During an appearance before a northern Virginia technology group, Gates said the so-called “white space” spectrum between analog broadcast channels could be used to expand access of wireless broadband service using Wi-Fi technology.
“We’re hopeful that will be made available so that Wi-Fi can explode in terms of its usage, even out into some of these less dense areas [of the United States] where distance has been a big problem for Wi-Fi,” Gates said in response to a question from the audience.
Microsoft (NASDAQ: MSFT) is part of a coalition of technology companies lobbying the U.S. Federal Communications Commission to allow unlicensed use of white space spectrum.
The group also includes Google, Dell, Hewlett-Packard, Intel and the North America unit of Philips Electronics.
Still, U.S. broadcasters and wireless-microphone makers oppose the idea and fear the devices would cause interference.
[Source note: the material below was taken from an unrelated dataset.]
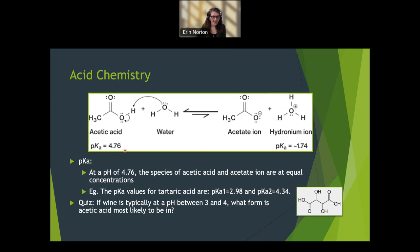The pKa of acetic acid is 4.76. The definition of pKa is the pH level where you have an equal concentration of the fully protonated form — with all its hydrogens attached — and the deprotonated or ion form. When these two species are at equal concentration, that's the pKa. So for acetic acid, the species of acetic acid and acetate ion are at equal concentrations at pH 4.76.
“Broadband penetration could be drastically improved through a fixed, licensed service without interference to TV reception,” said Dennis Wharton, a spokesman for the National Association of Broadcasters.
“Unfortunately, Microsoft continues to push for an unlicensed technology that simply does not work,” Wharton said. “TV viewers should not be inundated by the inevitable interference caused by such faulty devices.”
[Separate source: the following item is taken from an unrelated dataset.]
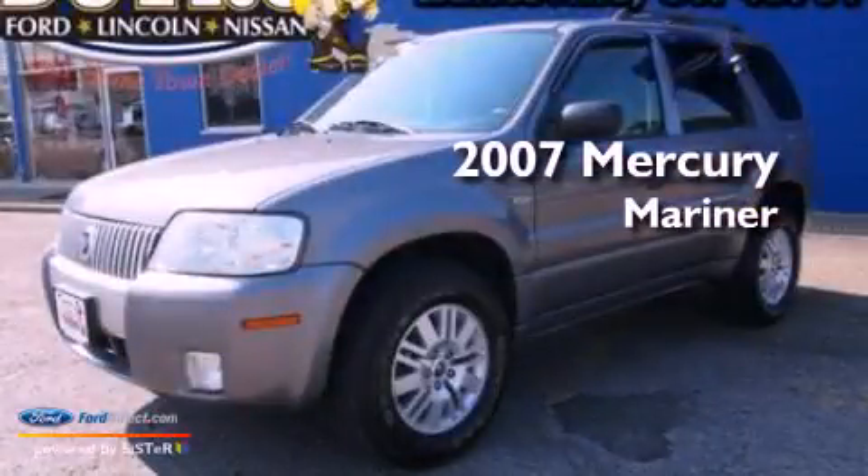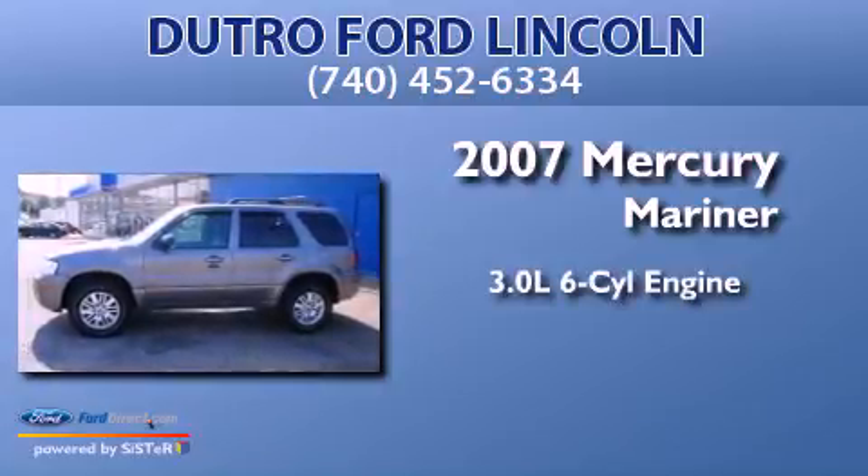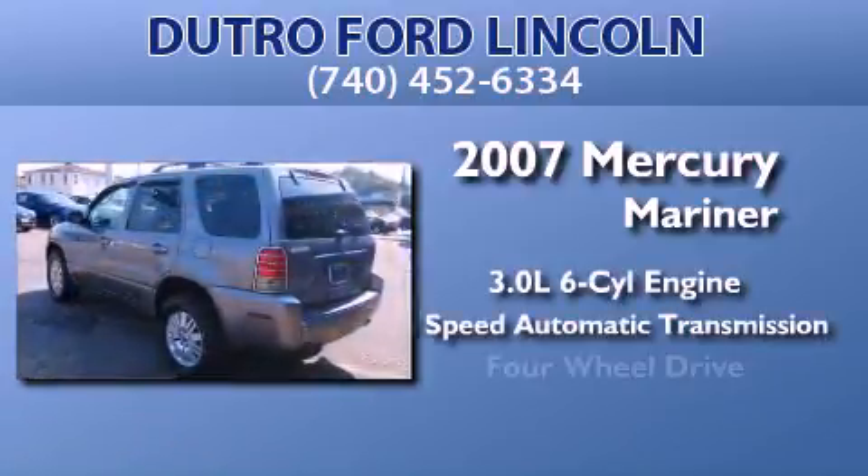This is a 2007 Mercury Mariner. It features a 3.0-liter six-cylinder engine, a four-speed automatic transmission, and four-wheel drive.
A proposal being studied by the FCC would create two categories of users for the airwaves: one for fixed commercial operations and another for personal, portable devices using low-power and Wi-Fi.
The proposal would require that the devices include technology to identify unused spectrum and avoid interference.
The FCC currently is testing prototype devices to see if they can make use of the white space spectrum without interfering with TV broadcasts.
Also appearing with Gates was Craig Mundie, Microsoft’s chief research and strategy officer, who said a shortage of spectrum could hurt U.S. competitiveness. He said past decisions have not made enough spectrum available.
“White space activity today is sort of our last hope to get some good spectrum,” Mundie said.